In the battle to retain her District 15 (JBER-Muldoon) seat, Rep. Gabrielle LeDoux fell short in her 30-day fundraising report. Far short.
She raised just $15,000, and has had to loan her campaign $10,000 from her personal funds. The woman who is known as a fundraising Goliath has never had to do that before.
That personal loan gives her a cash advantage over Jake Sloan, who is running an unusual write-in campaign against the powerful House Rules Committee chair who has been identified as running a corrupt Primary campaign.
A State investigation is underway and one of LeDoux’s lead campaign operatives from California died of a stroke as soon as the veil came off of the voter fraud that was associated with LeDoux’s primary win. That death has complicated the investigation.
Write-In Jake Sloan raised nearly $19,000, which is 22 percent more than LeDoux raised since the primary. But has a hill to climb in that he is running a write-in campaign against a well-known incumbent and because LeDoux has spent $103,000 overall to get re-elected.
However, LeDoux spent most of it in the primary, which she lost on Election Day and which she won with the help of questionable absentee ballots. Her funds are somewhat depleted, which is why she needed to loan her campaign running money.
Sloan has to build name recognition, buy signs, and educate voters to write in his name and fill in the bubble. And he has less than a month to educate those voters.

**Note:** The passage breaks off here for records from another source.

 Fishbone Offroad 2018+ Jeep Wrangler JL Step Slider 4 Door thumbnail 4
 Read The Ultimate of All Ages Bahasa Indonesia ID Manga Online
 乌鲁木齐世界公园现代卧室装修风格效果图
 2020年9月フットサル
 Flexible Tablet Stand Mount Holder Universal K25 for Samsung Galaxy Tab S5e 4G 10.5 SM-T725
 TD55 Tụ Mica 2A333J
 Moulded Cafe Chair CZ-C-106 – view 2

But Sloan is encouraged by the fact that during the primary election, Rep. LeDoux lost with regular voters to Aaron Weaver, who never ran an actual campaign. LeDoux only won because of the enormous absentee ballot effort she ran with the help of the now-deceased Charlie Chang.

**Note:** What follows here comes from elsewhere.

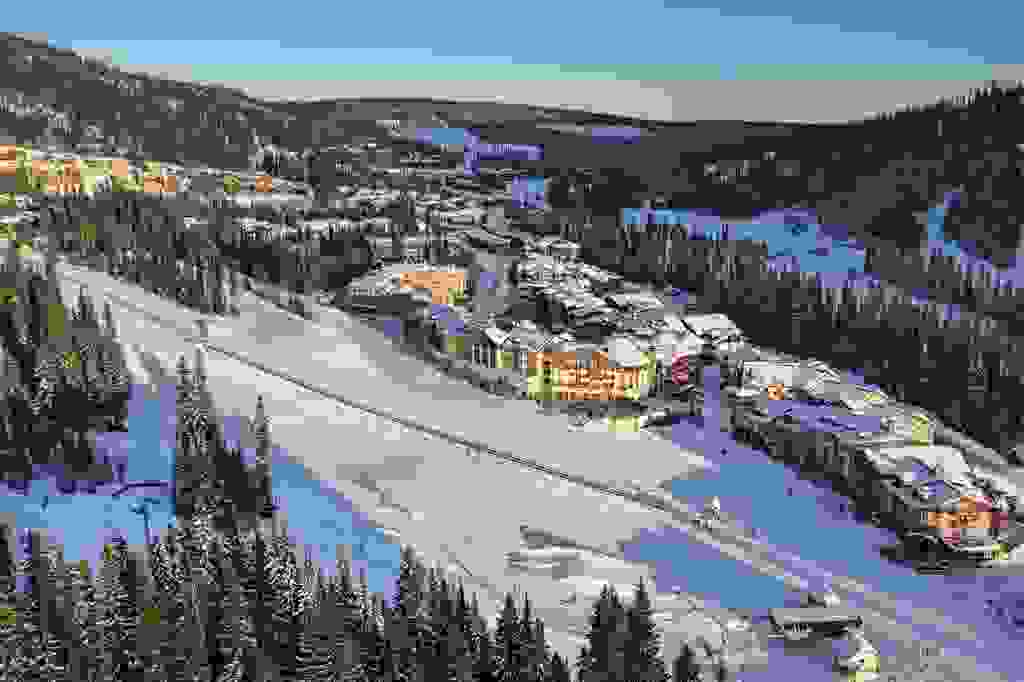 Sun Peaks Grand Hotel & Conference Centre Festival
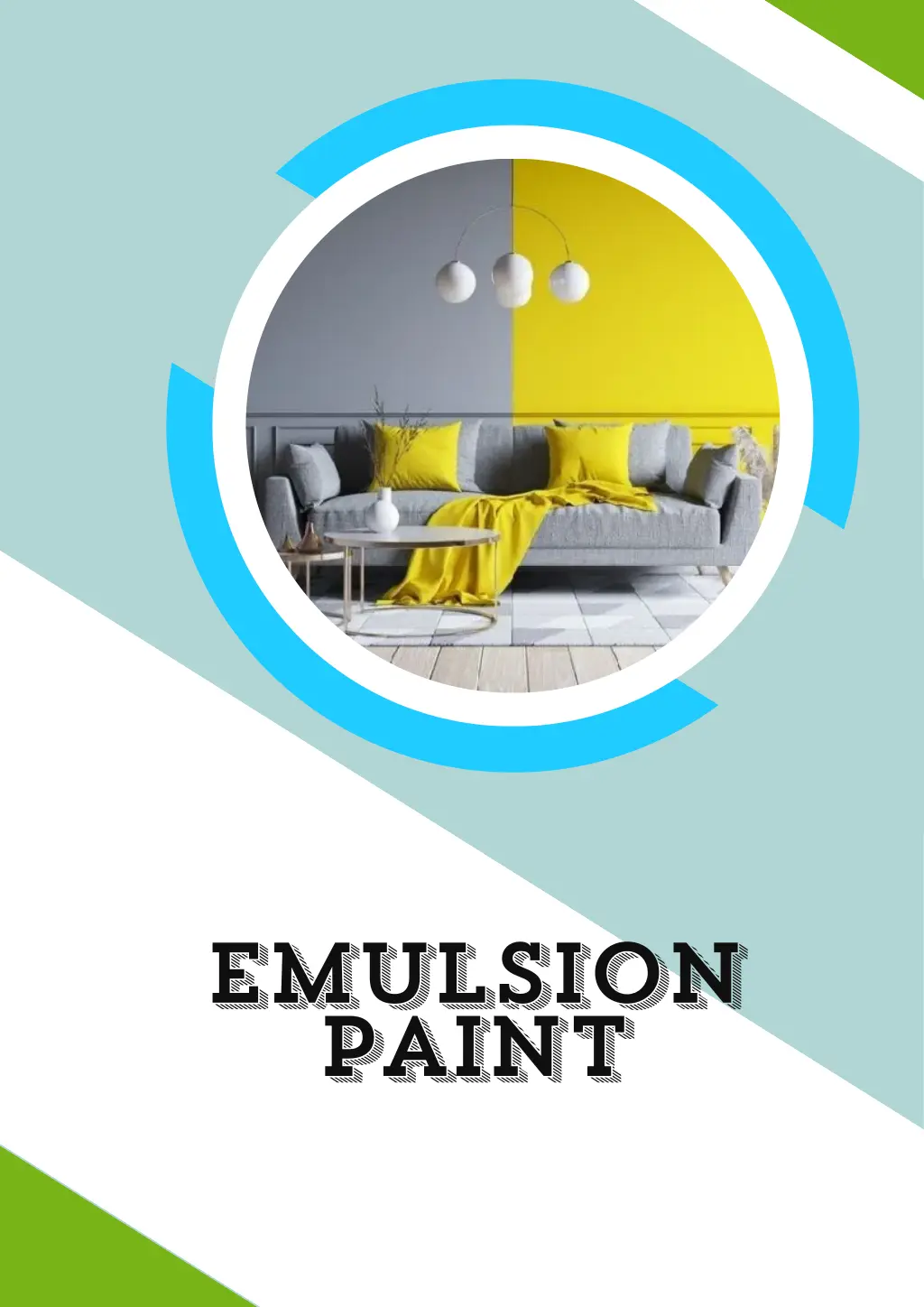 emulsion paint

Many of those LeDoux votes turned out to be fraudulent, and others who voted for LeDoux may now regret their vote after learning about the possibly criminal capers involved to stack the ballot box for LeDoux. One of those fraudulent votes was from Mr. Chang, who was a resident of Fresno, Calif.

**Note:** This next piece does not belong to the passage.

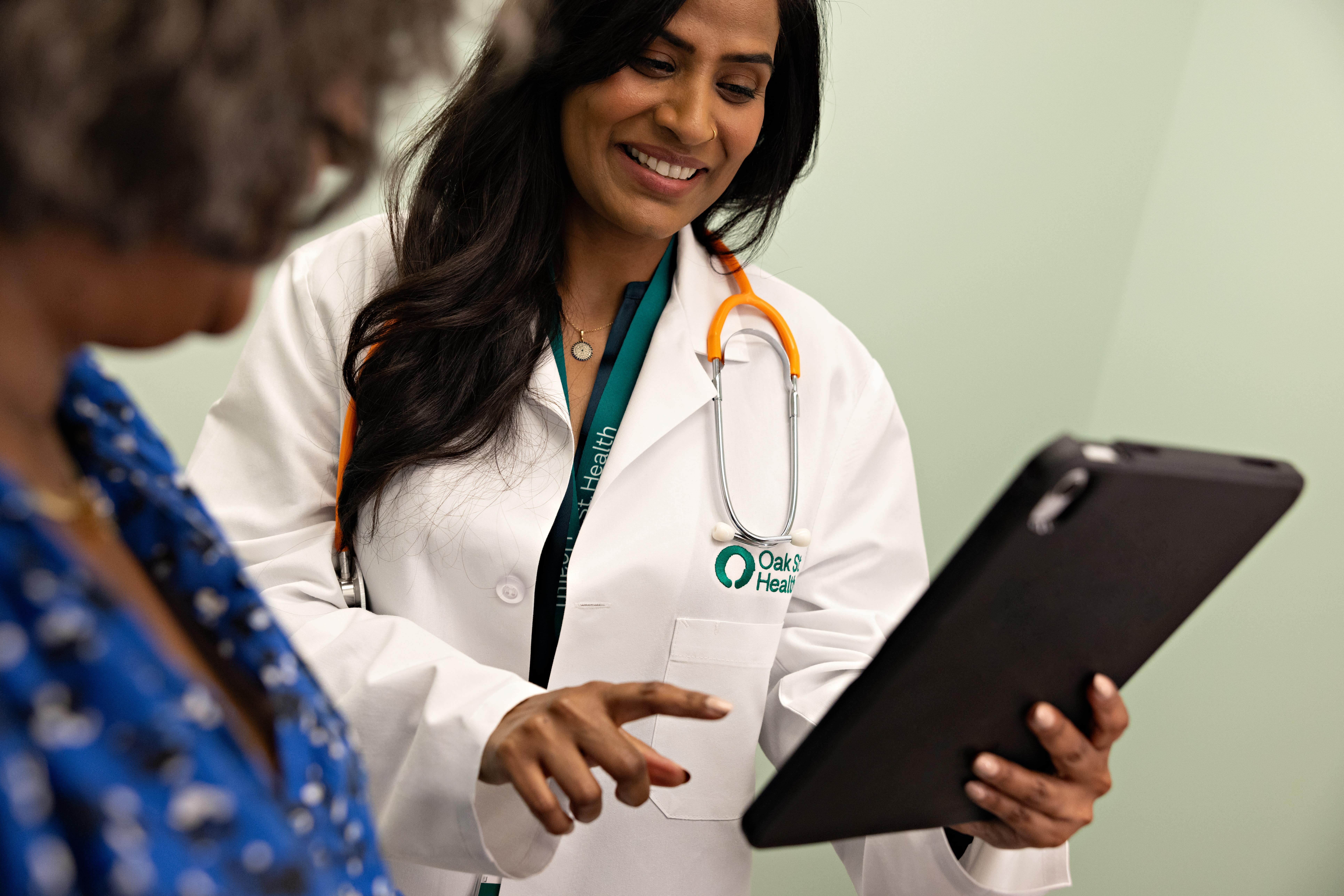 Oak Street Health: Integrated Primary Care Model Improves Outcomes for Older Adults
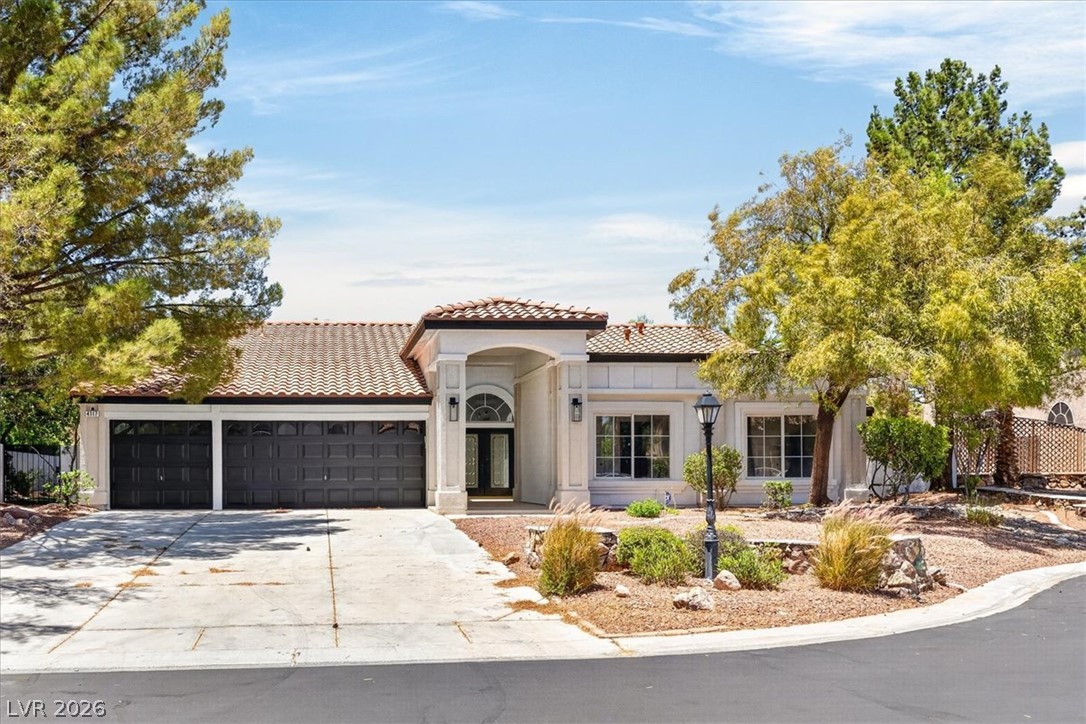 4117 Antique Sterling Court Las Vegas NV 89129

LeDoux has also lost her key campaign supporters and is now relying on the help of a former Alaska House legislative aide who has moved to Georgia but who her campaign flew back to Anchorage to manage LeDoux’s campaign. One hopes he has good life insurance — Thomas Brown. He used to work on her staff when she served as chair of the House Judiciary Committee. He’s now on her campaign payroll.
Sloan, on the other hand, is relying on his wife Leigh, and an ever-expanding list of volunteers who are going door-to-door with him.
Several legislators have walked the neighborhoods with Sloan, including Rep. Tammie Wilson of North Pole, who drove down for the occasion. Purple Heart recipient Passert Lee of the Hmong community, has also helped Sloan get introduced to the Hmong community, many of whom were victimized by the LeDoux campaign in the Primary.
On NextDoor.com, which is a neighborhood social media network that is widely used across Anchorage, a flurry of complaints has arisen over somebody putting LeDoux signs in people’s yards — signs that are clearly unwelcome, according to the multiple reports that have been posted.